§ Input records:
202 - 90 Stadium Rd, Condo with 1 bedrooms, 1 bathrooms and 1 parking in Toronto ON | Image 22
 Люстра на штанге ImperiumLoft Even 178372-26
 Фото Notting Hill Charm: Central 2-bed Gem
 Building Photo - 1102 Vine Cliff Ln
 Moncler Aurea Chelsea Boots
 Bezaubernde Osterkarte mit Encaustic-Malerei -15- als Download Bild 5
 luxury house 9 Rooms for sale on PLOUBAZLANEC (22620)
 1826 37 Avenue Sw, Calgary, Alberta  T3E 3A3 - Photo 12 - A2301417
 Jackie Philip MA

§ To do:
Every entry is to be repeated exactly as it stands.

§ Exercise result:
202 - 90 Stadium Rd, Condo with 1 bedrooms, 1 bathrooms and 1 parking in Toronto ON | Image 22
 Люстра на штанге ImperiumLoft Even 178372-26
 Фото Notting Hill Charm: Central 2-bed Gem
 Building Photo - 1102 Vine Cliff Ln
 Moncler Aurea Chelsea Boots
 Bezaubernde Osterkarte mit Encaustic-Malerei -15- als Download Bild 5
 luxury house 9 Rooms for sale on PLOUBAZLANEC (22620)
 1826 37 Avenue Sw, Calgary, Alberta  T3E 3A3 - Photo 12 - A2301417
 Jackie Philip MA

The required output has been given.